Echo
d'Iran N° 3, 2007-02-11
Les étudiants
se tournent vers les travailleurs
Le 7
décembre 1953 trois étudiants iraniens sont assassinés
par le police du shah lors d'une
grande manifestation de protestation contre la visite de
Nixon, le vice président des USA venu soutenir le Shah
et fêter le succès du coup d’Etat organisé par la CIA
contre le gouvernement national de Dr Mossadegh. Depuis
cette année le mouvement estudiantin iranien commémore
ce jour comme « Le Jour de l’Etudiant », bravant touts
les interdits, les menaces et la répression des régimes
en place ; monarchique ou théocratique. Chaque année, à
cette occasion, les militants s’expriment et donnent le
ton et les slogans qu’ils considèrent comme essentiel
pour l’avenir immédiat et la stratégie à long terme.
Force est de constater que tous les ans, ce sont les
slogans de caractère démocratique et orientés
essentiellement vers une défense générale des droits et
libertés civiques et politiques, choses légitimes et
fondamentales. Pendant des longues années les tendances
radicales et de gauche étaient les forces motrices de ce
mouvement
qui, de facto, le dirigeait en payant un lourd tribut
des prisonniers et des morts par balles ou sous la
torture.
Avènement du mouvement dit « 2 Khordad », jour de la
première élection de M. Khatami à la présidence, a
provoqué des nouveaux clivages et dans l’euphorie de sa
première élection, une domination des courants dits
« réformistes », qui de près et ou de loin, soutenait M.
Khatami.
Mais
l’échec retentissant de M. Khatami a donné un coup
d’arrêt à son mouvement, cela s’est traduit, avec un peu
de retard, dans l’affaiblissement de ces courants parmi
les étudiants. On sentait un frémissement, et depuis les
idées clairement de gauche se font leur chemin. A
l’occasion du 1er mai, les étudiants ont
organisé, dans certaines grandes universités, des
réunions et des séminaires où des militants du mouvement
ouvrier et estudiantin ont pris la parole et ont
souligné l’importance de la classe des travailleurs dans
les mouvements de transformation sociale.
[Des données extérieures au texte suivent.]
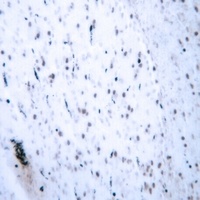 Anti-HOXB2 Antibody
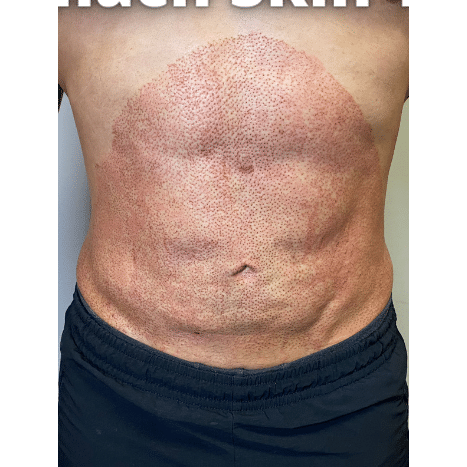 After Image: Stomach Skin Tightening - 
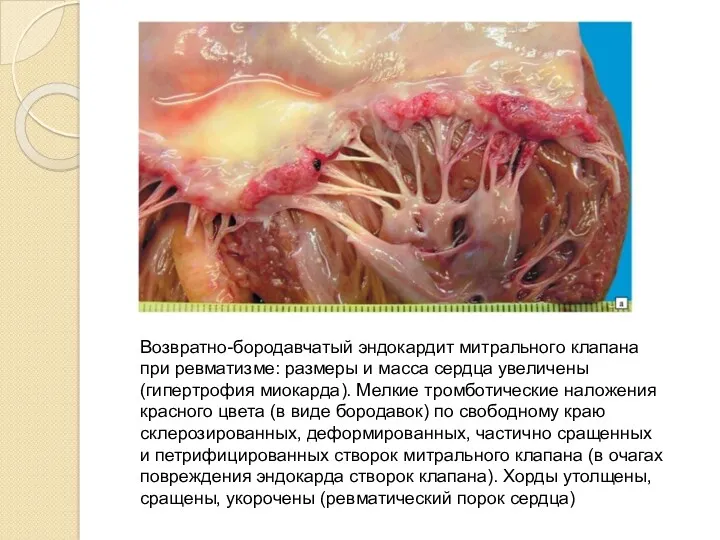 Возвратно-бородавчатый эндокардит митрального клапана при ревматизме: размеры и масса сердца увеличены (гипертрофия миокарда).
Mais malgré
cela il n’y avait pas une ligne affichée, avec des
positions claires et tranchées qui pouvait montrer
l’existence d’une tendance radicale de gauche avec des
revendications bien définies.
Cette année, à l’occasion de « Jour de l’Etudiant »,
malgré une forte mobilisation et l’omniprésence des
forces de sécurité et l’interdiction de toutes formes de
rassemblements, les étudiants ont franchit à leurs
habitudes tous ces interdits et ont commémoré, partout
dans les universités. A Téhéran ils ont même forcé leur
passage à travers des barrières montées par les forces
de sécurité en se battant avec eux et les obligeant à
reculer. Ils ont scandé des slogans contre le régime;
pour la défense des droits politiques et civiques ainsi
que pour la libération des prisonniers politiques;
contre la menace d’une agression impérialiste et surtout
pour une alliance entre les étudiants et d’autres
secteurs de la population comme les femmes et les
minorités nationales, avec une importance et place très
particulière pour les travailleurs revendiquant l’union
avec le mouvement ouvrier.
Parmi les tracts distribués il y avait un, qui a été
très largement distribué, avec comme titre ; « L’université
n’est pas une caserne! ». Dans ce tract sont
énumérés toutes les problématiques de la vie politique
en Iran avec des propositions claires et une orientation
pour une transformation radicale de la société
iranienne. La défense des activités syndicales et
surtout les syndicats ouvriers qui subissent une
répression farouche de la part du régime islamique, est
considérée comme centrale et le mouvement estudiantin
est clairement considéré comme « allié stratégique du
mouvement ouvrier».En conclusion le tract met l’accent
sur la défense des travailleurs arrêtés et harcelés; sur
la nécessité de mobiliser tous les syndicats des
travailleurs et les organisations de défense des droits
de l’homme dans le monde pour soutenir la lutte du
peuple iranien; et sur le devoir des étudiants
de
participer aux luttes des travailleurs, les femmes et
les jeunes tout en pensant à leur rôle dans la
solidarité internationale.
C’est la première fois qu’un tel programme de lutte est
présenté par un groupe des étudiants. Un véritable
tournant dans un milieu où, jusqu’ici, on mettait
l’accent d’une manière exclusive sur la défense des
libertés politiques sans faire allusion quelconque à la
justice sociale, comme si il n’y a aucun lien entre ces
deux axes de luttes dans un pays capitaliste comme la
république islamique d’Iran. Nous ne pouvons que nous
réjouir de l’apparition de cette tendance de la gauche
radicale qui essaie de mener les étudiants à lutter sur
deux axes interconnectés de la défense des libertés et
la justice sociale.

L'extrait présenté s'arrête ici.